**Directions:** Give again the lines from the line with "2011 Toyota YARIS photo" to the last line of the records, exactly and in full. Do not carry over any pictures.

Items from a data source:

◇ ◇ ◇

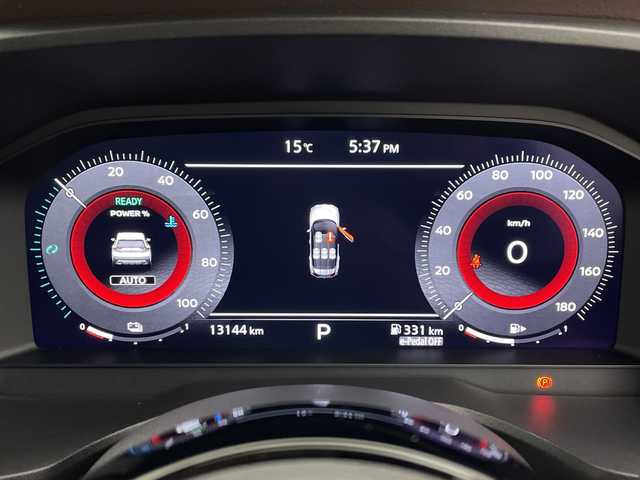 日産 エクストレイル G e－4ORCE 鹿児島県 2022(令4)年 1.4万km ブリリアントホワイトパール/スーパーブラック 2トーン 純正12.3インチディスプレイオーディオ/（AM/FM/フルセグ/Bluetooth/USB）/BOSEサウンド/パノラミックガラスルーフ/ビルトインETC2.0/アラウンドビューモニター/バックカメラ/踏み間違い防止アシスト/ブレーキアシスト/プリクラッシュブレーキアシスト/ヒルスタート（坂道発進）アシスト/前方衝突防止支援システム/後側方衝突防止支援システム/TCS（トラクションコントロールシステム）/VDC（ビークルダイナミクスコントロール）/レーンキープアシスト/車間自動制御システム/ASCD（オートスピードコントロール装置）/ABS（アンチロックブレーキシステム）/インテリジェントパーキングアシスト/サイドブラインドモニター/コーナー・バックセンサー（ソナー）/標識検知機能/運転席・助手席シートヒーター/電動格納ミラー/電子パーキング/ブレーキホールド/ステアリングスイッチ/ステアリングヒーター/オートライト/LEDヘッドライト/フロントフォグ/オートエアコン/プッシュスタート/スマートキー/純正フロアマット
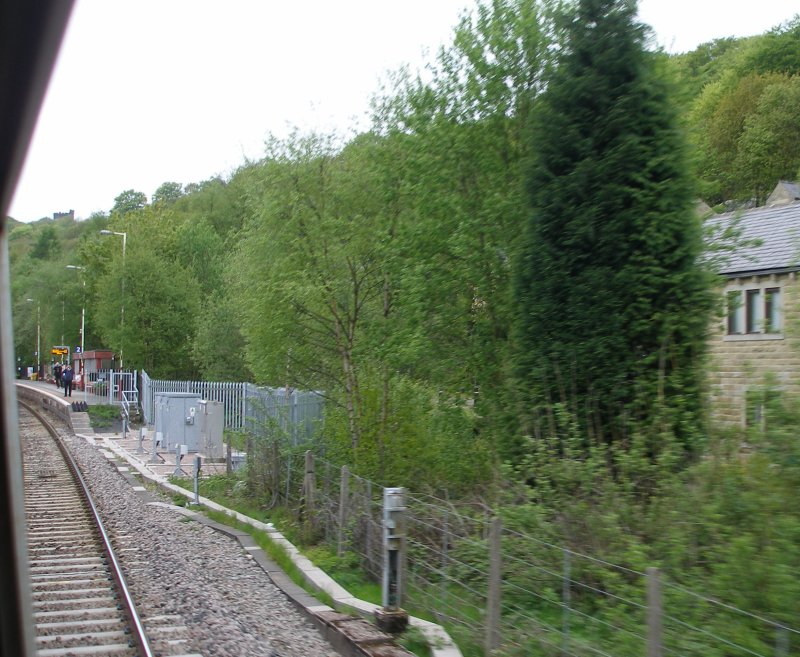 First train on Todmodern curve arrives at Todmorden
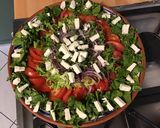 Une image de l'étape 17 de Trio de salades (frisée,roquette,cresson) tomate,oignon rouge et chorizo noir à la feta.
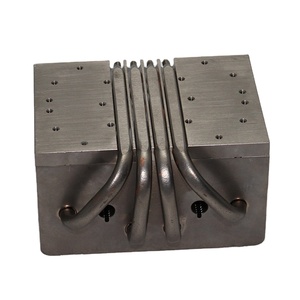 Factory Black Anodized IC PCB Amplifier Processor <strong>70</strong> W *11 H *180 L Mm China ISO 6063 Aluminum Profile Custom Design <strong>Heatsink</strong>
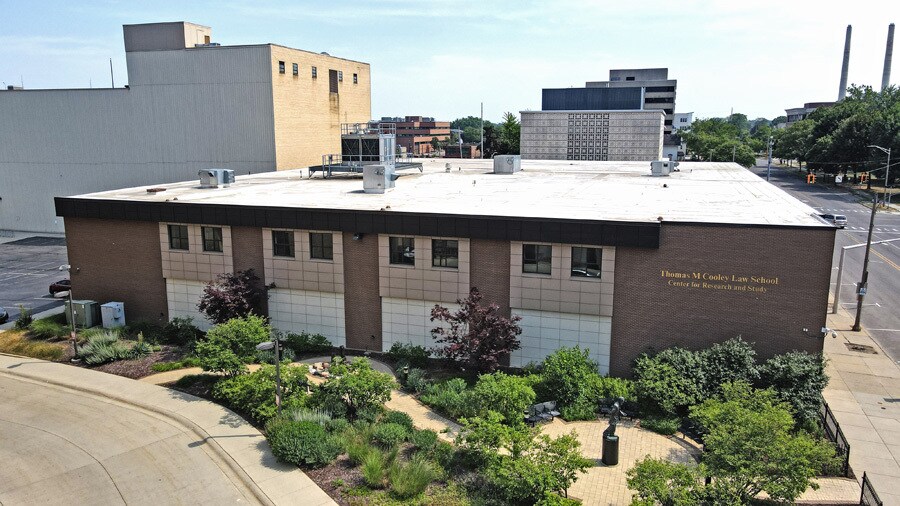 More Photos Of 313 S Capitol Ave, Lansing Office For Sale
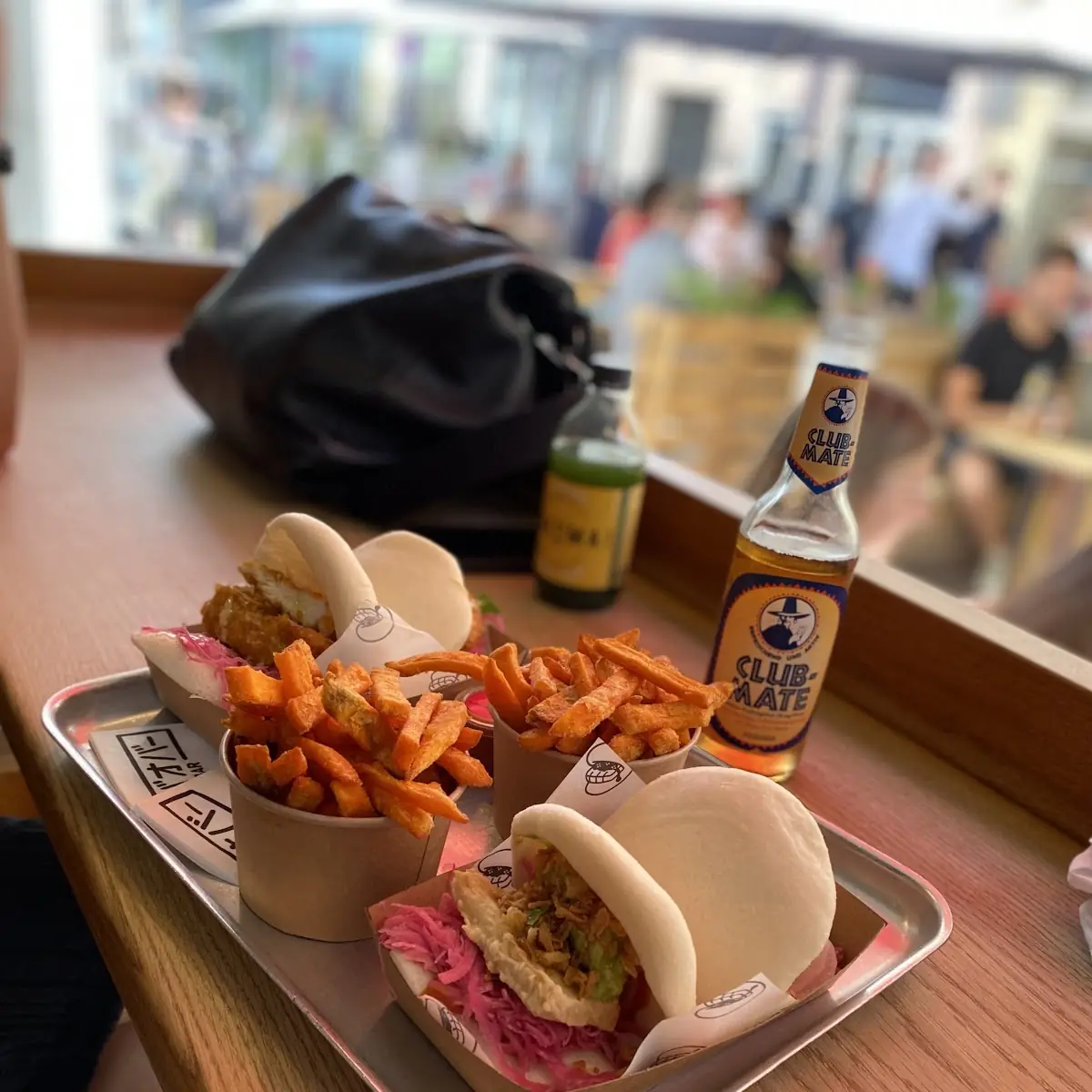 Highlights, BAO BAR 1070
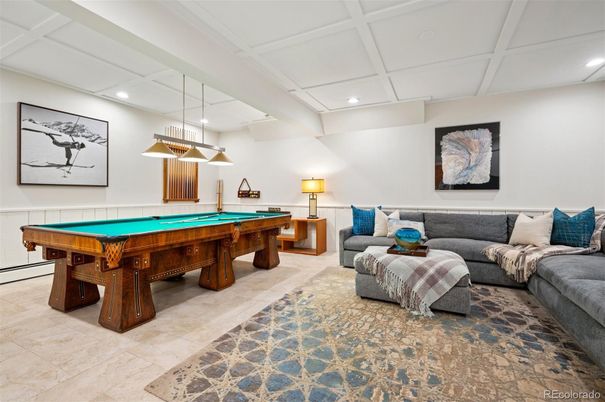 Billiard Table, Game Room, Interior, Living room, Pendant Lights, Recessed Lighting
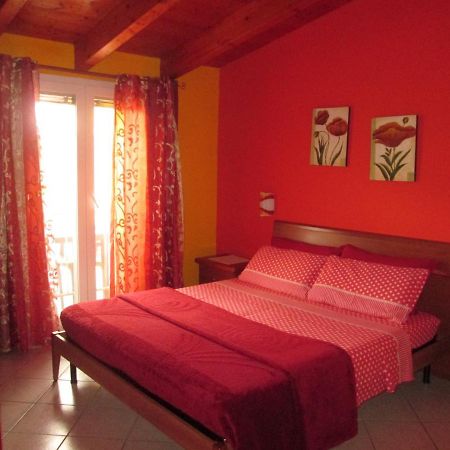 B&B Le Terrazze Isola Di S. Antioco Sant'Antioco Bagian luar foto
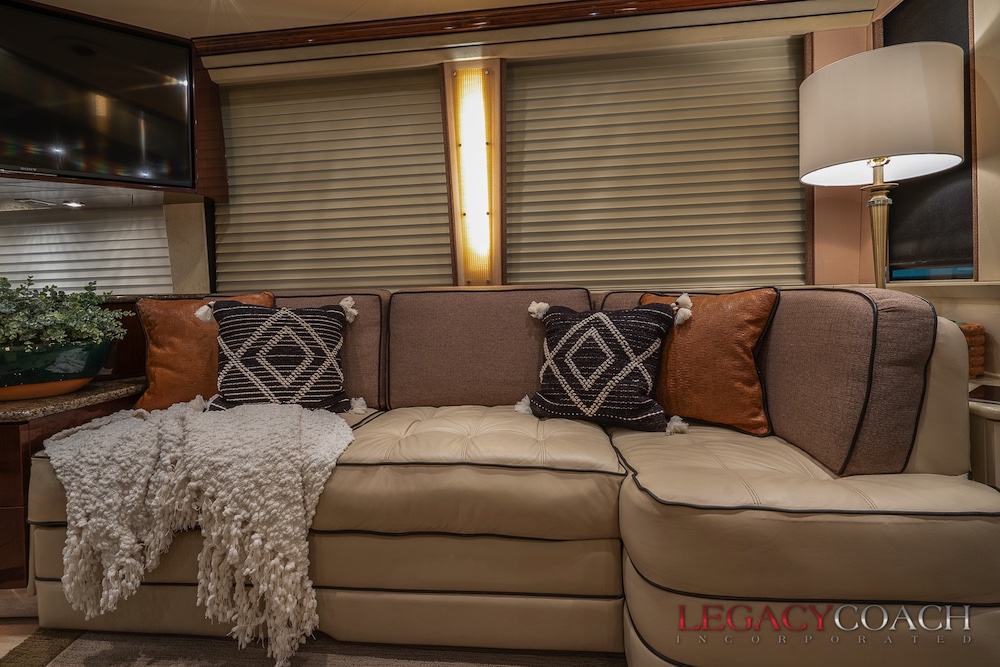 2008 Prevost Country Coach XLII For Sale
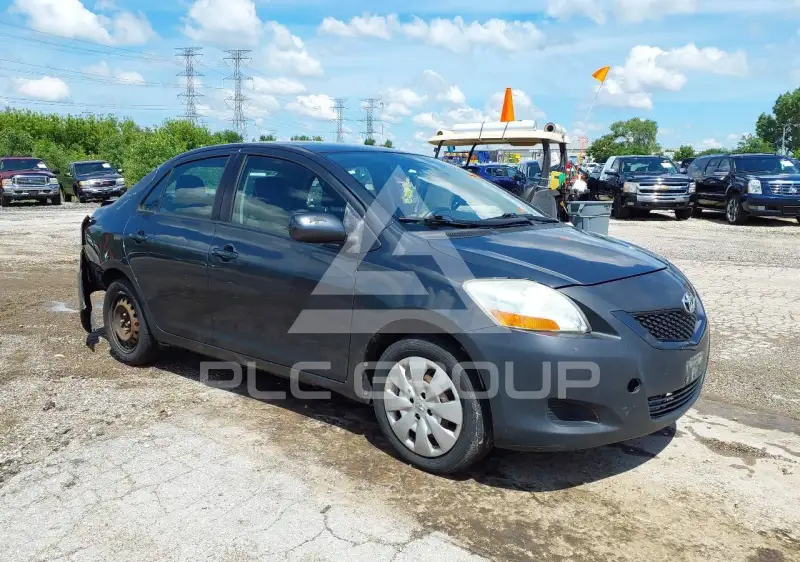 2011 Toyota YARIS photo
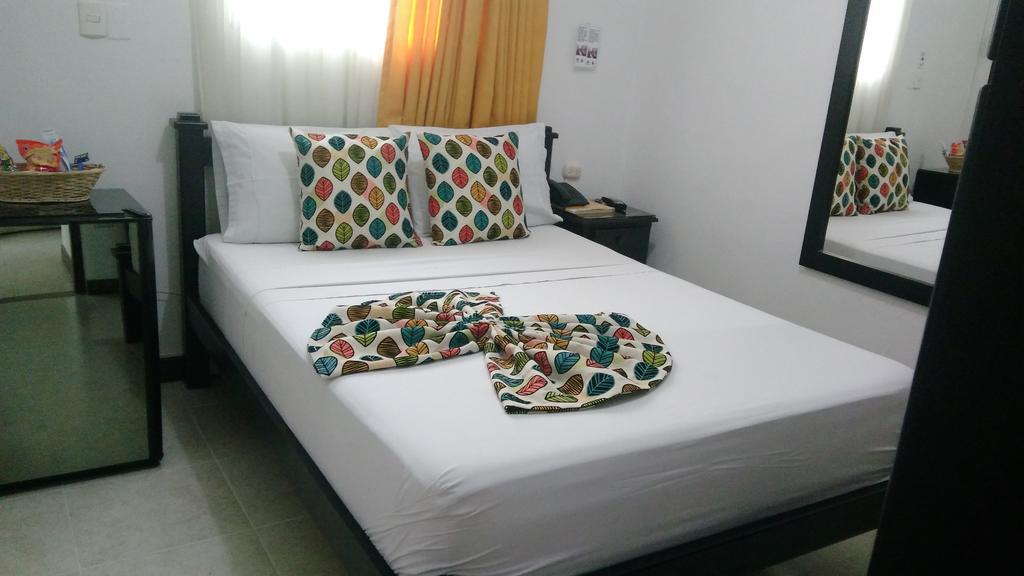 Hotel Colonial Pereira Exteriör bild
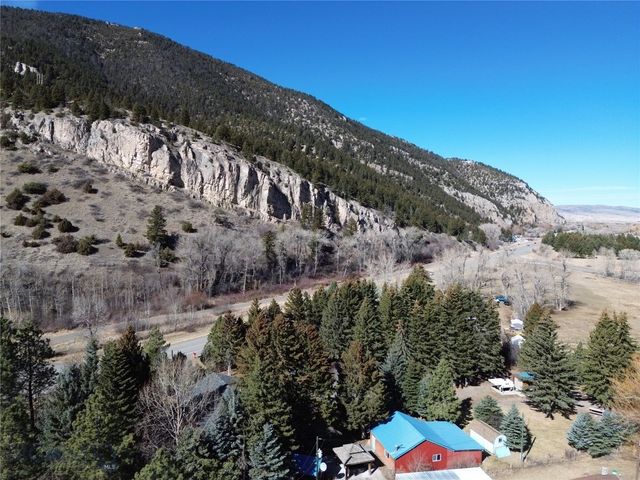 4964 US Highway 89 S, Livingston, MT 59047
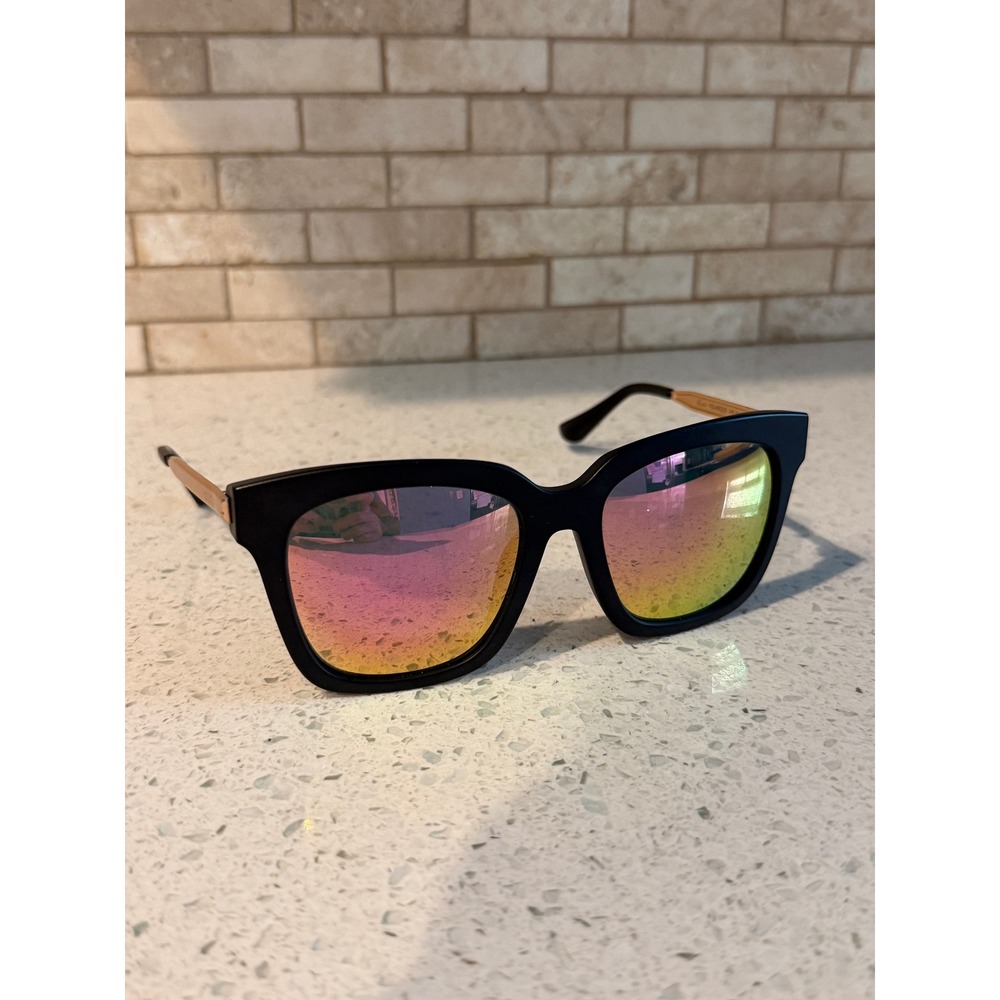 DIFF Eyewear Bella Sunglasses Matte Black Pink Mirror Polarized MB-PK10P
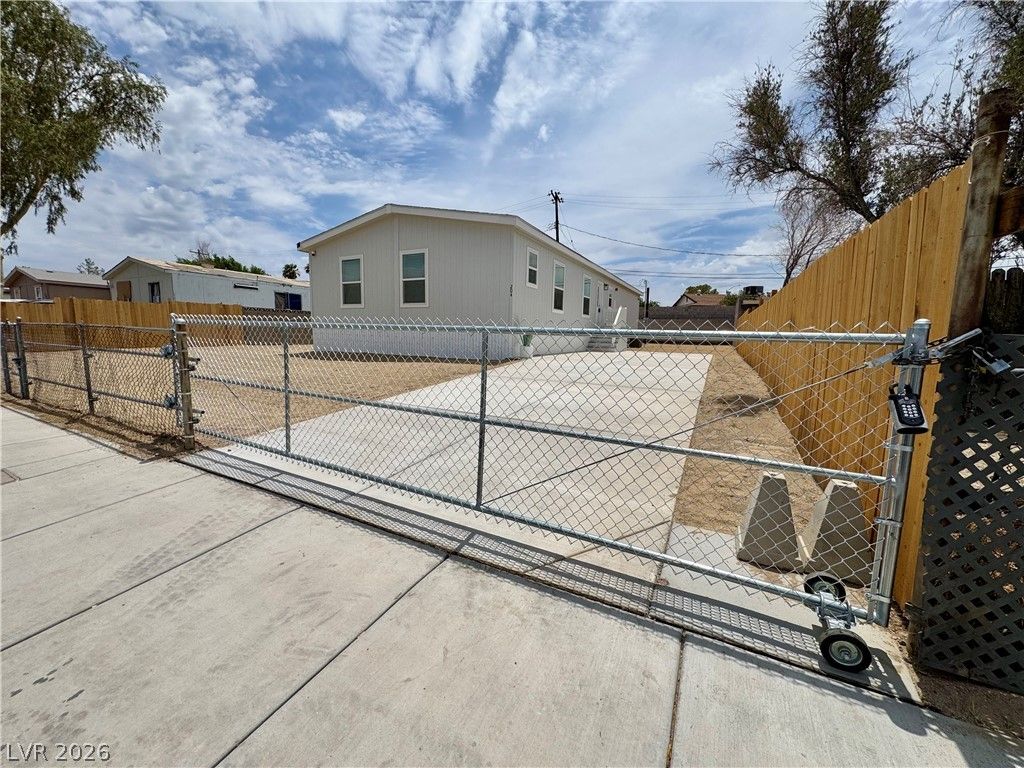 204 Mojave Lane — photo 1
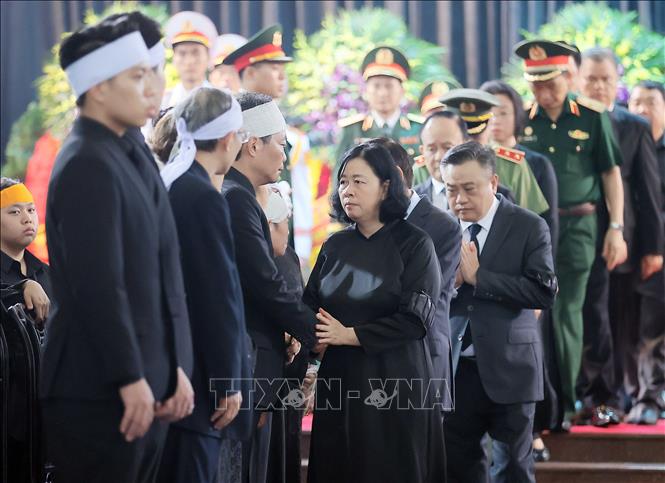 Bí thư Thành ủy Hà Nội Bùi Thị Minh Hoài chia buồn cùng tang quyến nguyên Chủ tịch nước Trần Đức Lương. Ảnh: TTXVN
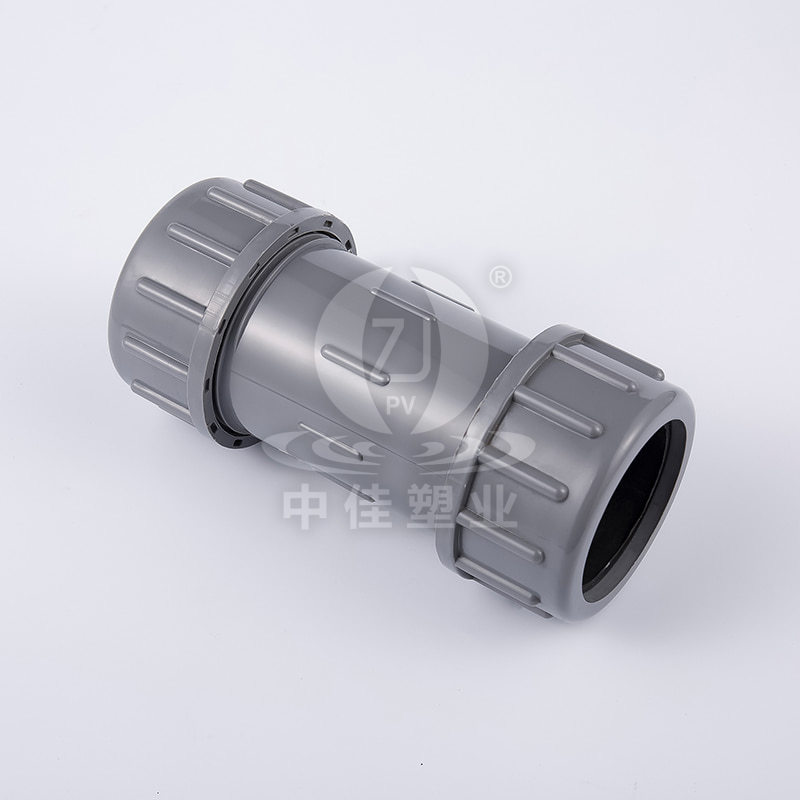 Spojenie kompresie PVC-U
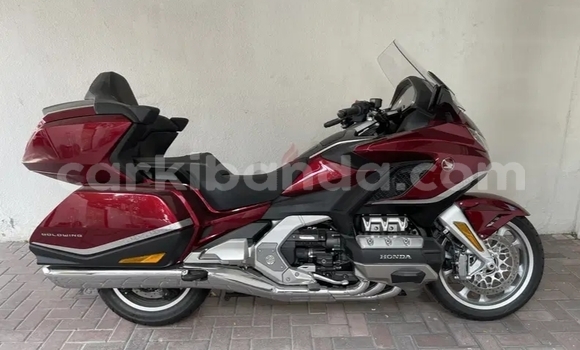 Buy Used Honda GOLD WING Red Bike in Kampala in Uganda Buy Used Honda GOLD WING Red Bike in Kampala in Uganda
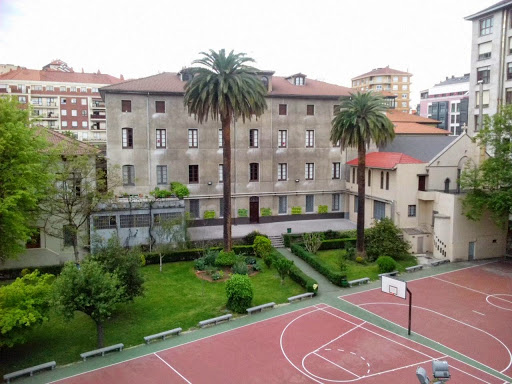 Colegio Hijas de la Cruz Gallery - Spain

◇ ◇ ◇

**Answer box:**
 2011 Toyota YARIS photo
 Hotel Colonial Pereira Exteriör bild
 4964 US Highway 89 S, Livingston, MT 59047
 DIFF Eyewear Bella Sunglasses Matte Black Pink Mirror Polarized MB-PK10P
 204 Mojave Lane — photo 1
 Bí thư Thành ủy Hà Nội Bùi Thị Minh Hoài chia buồn cùng tang quyến nguyên Chủ tịch nước Trần Đức Lương. Ảnh: TTXVN
 Spojenie kompresie PVC-U
 Buy Used Honda GOLD WING Red Bike in Kampala in Uganda Buy Used Honda GOLD WING Red Bike in Kampala in Uganda
 Colegio Hijas de la Cruz Gallery - Spain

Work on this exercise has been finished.